Un biface taillé en amande est bel et bien dépôt et vecteur de culture, porteur d’une compétence apprise (la percussion) prolongée d’une génération de percuteurs à une autre. [...]

Une médiologie par hypothèse aboutie – à cent lieues de notre bricolage – pourrait faire commencer son itinéraire non aux premières plaquettes de pierre décorées de signes abstraits mais, cent mille ans plus tôt, au racloir en silex du Paléolithique inférieur, première création culturelle attestée. [...]

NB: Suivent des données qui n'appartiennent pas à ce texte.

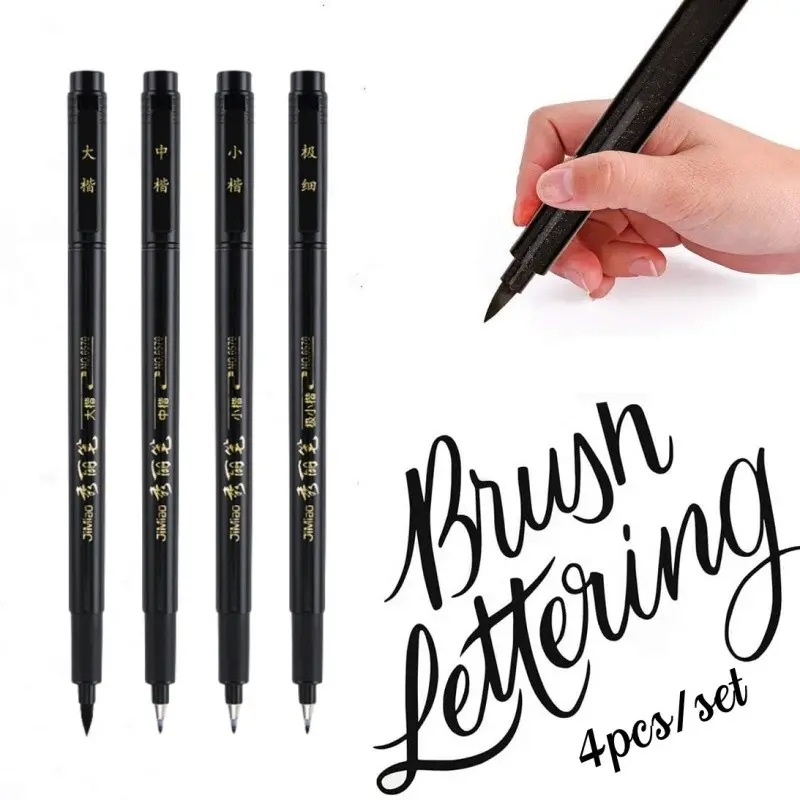 4-Piece Calligraphy Brush Set, Fine Point Brushes, Ideal for Copying, Signing, Writing, School & Office Use, Compact & Portable Design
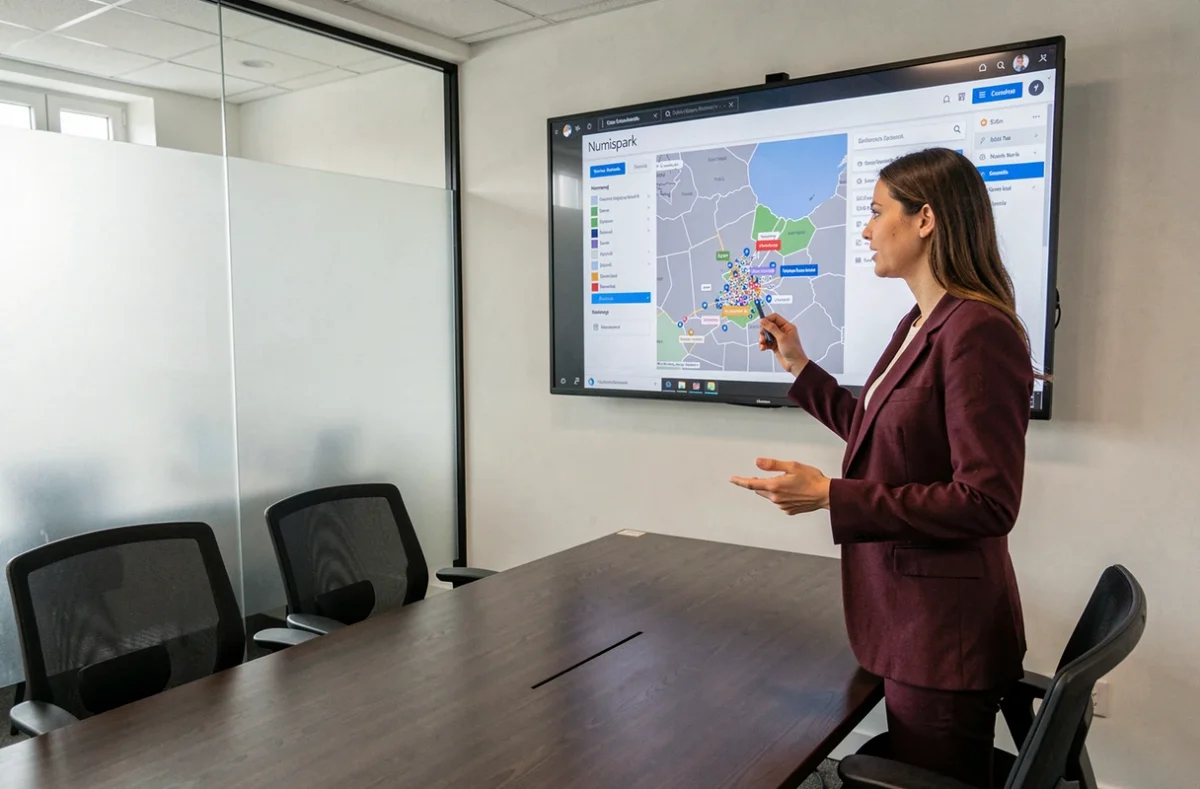Responsable SEO de Numispark présentant une carte de référencement local de Normandie sur un grand écran dans une salle de réunion moderne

Qu’il soit clair, cependant, que la plus séminale de nos sources d’inspiration extra-littéraires (en excluant donc les Diderot, Hugo, Balzac et le prophétique Valéry) n’est pas MacLuhan, ni même Walter Benjamin (créancier pour nous plus privilégié que le Canadien), mais ce génie scientifique scandaleusement méconnu : l’auteur de L’Homme et la matière. Sans avoir thématisé la transmission en tant que telle, ce solitaire aura osé, avec patience et méticulosité, ressouder les conquêtes symboliques aux conquêtes techniques. Si un disgracié n’avait qu’un ouvrage à emporter sur une île déserte ou en prison, section « sciences de l’homme et de la société », c’est Le Geste et la parole qu’il glissera dans sa besace. C’est, à notre connaissance, le plus dense compte rendu de « la succession des hommes » (Pascal), où l’incessant aller-retour entre le corporel et le spirituel, les vecteurs et les valeurs, les mémoires et les libérations, permet d’embrasser, à même la dynamique des millénaires, l’évolution à chaque instant combinée du cortex, du silex et du signe.